Beautiful

I got this wig about three years ago. Initially, I was amazed that it was real hair and lace fronted for £30. Lace fronted means that the parting is quite natural. A monofilament wig, where individual fibres emerge from the cap, through which the scalp can be seen, can have a parting but has a tell-tale dark line at the edge of the cap. A lace fronted wig has a natural looking parting.

Unfortunately the lace in this wig, while it is skin-tone. is skin-tone for a black person or dark-skinned Asian, rather than for me. Under the parting, the weave of the lace shows dark over the scalp. Standing close to the mirror in the hotel bathroom, it is unpleasantly obvious to me. Originally, the lace protruded beyond the hair line and I had to cut it off, after buying it. Cutting it, I saw the lace was always visible, and so the wig has sat in my cupboard, almost unworn.

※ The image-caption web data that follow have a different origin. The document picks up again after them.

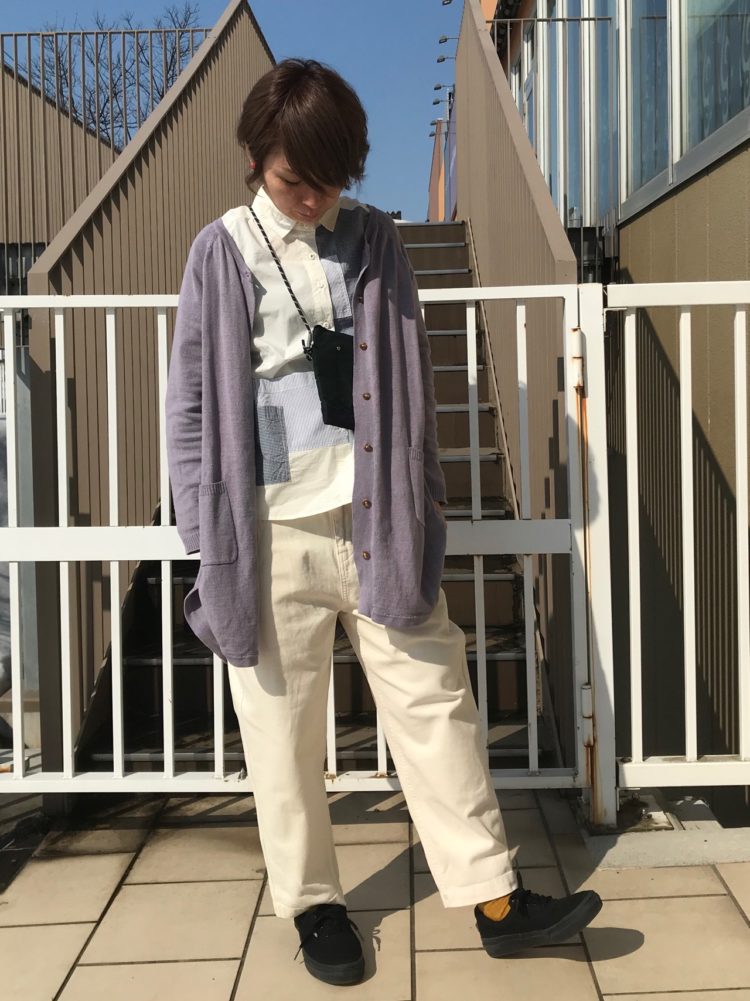 attachment00 (64)
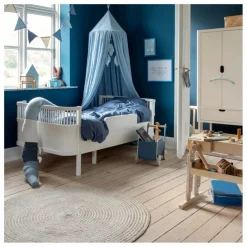 Enfant Sebra Guirlande décorative fanions |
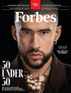 Forbes Subscription Deal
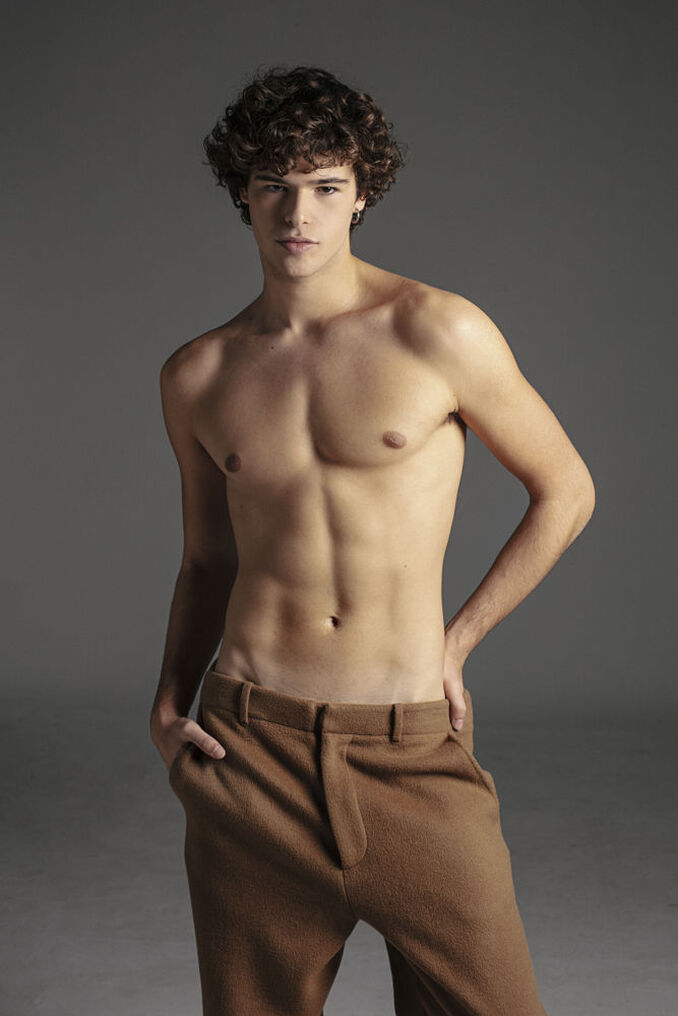 Lucas A.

I tried it on on Tuesday, and noticed how it made my eyes glow. The colour is perfect for me. Possibly the way it hangs contributes to the effect. Even, possibly, H’s comment that she had only just noticed how intense the brown of my eyes was, brings them to life for me.

I feel beautiful. I have felt that I look feminine, or female, or womanly- subtly different things- but now for the first time I know I look beautiful, and it is a glorious feeling. I asked S about the hair colour, and she said how beautifully it set off my eyes, though may have been prompted by my widening my eyes. Suddenly I love mirrors-

though only if they are far enough away, that I do not notice the lace.

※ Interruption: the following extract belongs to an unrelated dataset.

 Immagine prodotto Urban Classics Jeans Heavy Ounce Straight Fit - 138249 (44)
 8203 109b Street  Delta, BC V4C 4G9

I could have the wig cut, to have a short fringe over the lace front. It would not have a hair-line any more, but it does not really now. Though some of the front hair has to be used to create that fringe, I am not sure about the shape.

Another option is just to leave it, and have the parting with its strange criss-cross pattern showing. Anyone who notices it and realises it is a wig or just thinks it looks strange, can. Few people make personal remarks. Self-consciousness arises within me, and I may be able to create in myself self-confidence. I am beautiful, and if I know that it changes my whole mien.

Photos when I get one which does me justice.